(AP) -- A little beetle could cause big problems for Florida's multimillion-dollar avocado industry.
Scientists are tracking the redbay ambrosia beetle as it crisscrosses the southeastern United States, spreading a fungus that is killing avocado trees. The beetle and the fungus it transmits could be devastating in Florida, the country's second-largest avocado producer.
The fungus, called laurel wilt disease, has so far only affected the avocado trees of homeowners and has not yet infiltrated the industry's commercial growing hub in South Florida, said University of Florida plant pathologist Randy Ploetz.
It has already been recorded Okeechobee County, however, which is dangerously close to Miami-Dade County, where most of the state's 7,500 acres of commercial trees are planted.
"It has not reached us yet," Ploetz said, "but it's only 100 miles away."
About 60,000 Floridians have at least one avocado tree growing in their yards. Florida's avocado industry brings in about $30 million annually.
Florida trails only California, which has not yet been infiltrated by the pest, in avocado production nationwide. Under a rough estimate in which half of the state's commercial avocado trees died, it would mean a total economic impact of about $27 million, including lost jobs, said UF agricultural economist Gilly Evans.
"It could wipe out the entire industry," he said.
Evans estimated that about $250,000 had been spent on research, with scientists working to find a treatment that could slow the disease's spread. But possible pesticides or fungicides might present health risks or be too expensive for growers.
In Miami-Dade, there is little Craig Wheeling can do to protect his Homestead-based business. The CEO of Brooks Tropicals says the impending threat of laurel wilt disease bears a striking resemblance to citrus canker, which struck Florida orange and lime growers years ago, causing millions of dollars in damage.
"Having gone through that mess in the early 2000s, we're very concerned when we see the redbay ambrosia beetle coming down," he said.
Scientists believe the beetle is native to Asia and first came to the United States through a shipping port in Georgia. Laurel wilt was first documented in the U.S. in 2004 and has so far popped up in South Carolina, Georgia and Florida. The beetle naturally expands its range about 20 to 30 miles each year, but is also transported when the beetle's host tree is cut for firewood.
"When you're moving wood around and you have some redbay growing out there and you have some backyard avocados growing as well, you may be providing an easy pathway for that pest to move south," said Frank Koch, a researcher with the North Carolina State University who has projected the beetle and the disease it carries will hit South Florida around 2020 or sooner.

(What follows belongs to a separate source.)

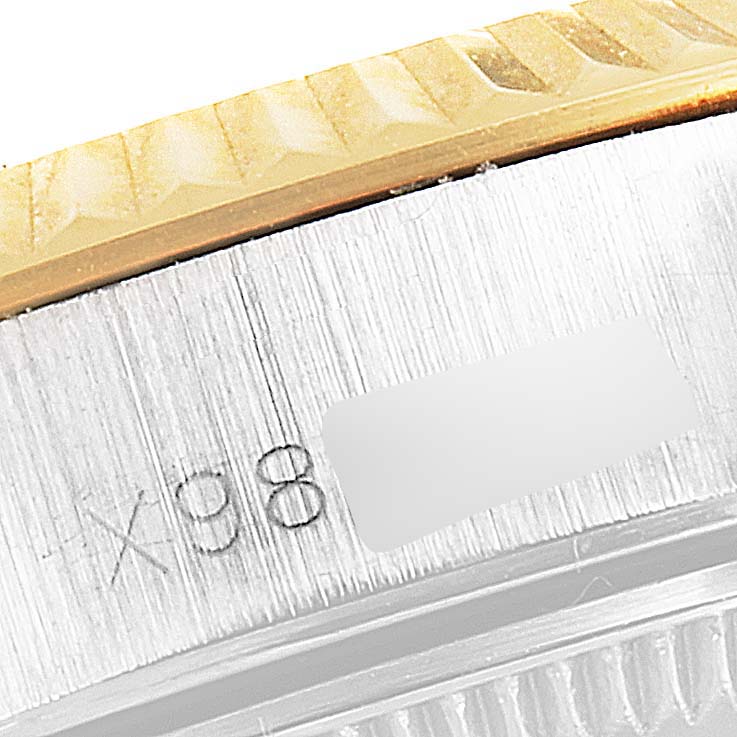 The image shows a close-up of the bezel and case side of a Rolex Oyster Perpetual 67193 Women's Steel and Gold (two tone) White Dial 67193 Women's Steel and Gold (two tone) White Dial watch, focusing on the etchings.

Laurel wilt is both difficult to identify and quickly attacks a tree, starting at its crown and working its way throughout the plant. Beetles that spread the fungus tend to attack healthy plants, scientists say, burrowing a tunnel in the wood then inoculating its walls with spores.
"What you're looking for is wilted stems as leaves, some black streaking in the wood. Strings of compacted sawdust that would be protruding primarily from tree trunks," state Department of Agriculture spokesman Mark Fagan said.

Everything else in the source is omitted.